Many of you know how much I love baseball. Well, actually, that's probably not completely true. Yes, I am a fan of the game, but moreso, I am an Astros fan. Growing up in Houston allowed me to watch them on a daily basis. I even remember when they almost made it to the World Series in 86. I was 10-years-old at the time, and I distinctly remember being at soccer practice one day during one of the games (for some odd reason soccer was scheduled during such an important moment--maybe it was a game. My memory fails me!). I wanted to keep up with the score and much to my delight, I was able to keep up with the game through the shouts and cheers of the prisoners who were watching the game inside the jail, which just happened to be located next to these playing fields. Kinda scary, now that I think about it.

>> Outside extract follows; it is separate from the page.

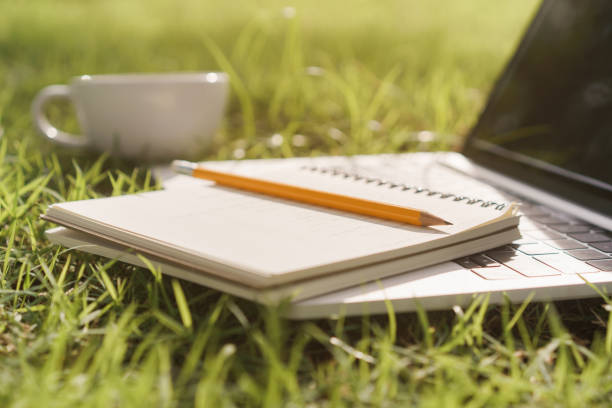 Notebook and pencil are placed on a laptop while the laptop and coffee cup on  green grass In the public park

Anyway, I have enjoyed following the Astros since I was a young girl. On a side note, being a fan of Bagwell and Biggio was one of the first things my husband says attracted him to me. What does that say?!!! Well, one thing I have learned in all these years of watching them is that the Astros forget what it means to WIN in the month of May. Perhaps May should be deleted from the baseball calendar. Or from the entire calendar all together. The Astros take that month off anyway, so why not just remove it? Or better yet, the team should just take a month's worth of vacation and refuse to play. They stink it up so bad anyway. Maybe then they could keep their winning record and not lose 16 out of 18 games in one month. Shane and I were able to see one of the FEW games the Astros won in the month of May at RFK Stadium in D.C. Cool.

I shouldn't be too skeptical. Last year they were worse off than this and they went to the World Series. Who knows what could happen now? But, Roger, oh Roger, I ask you this: Why couldn't you have signed sooner?!! Oh, how things would be different. NOT! Not even Roger Clemens can help the Astros during the month of May.

I am thankful that May has gone bye-bye.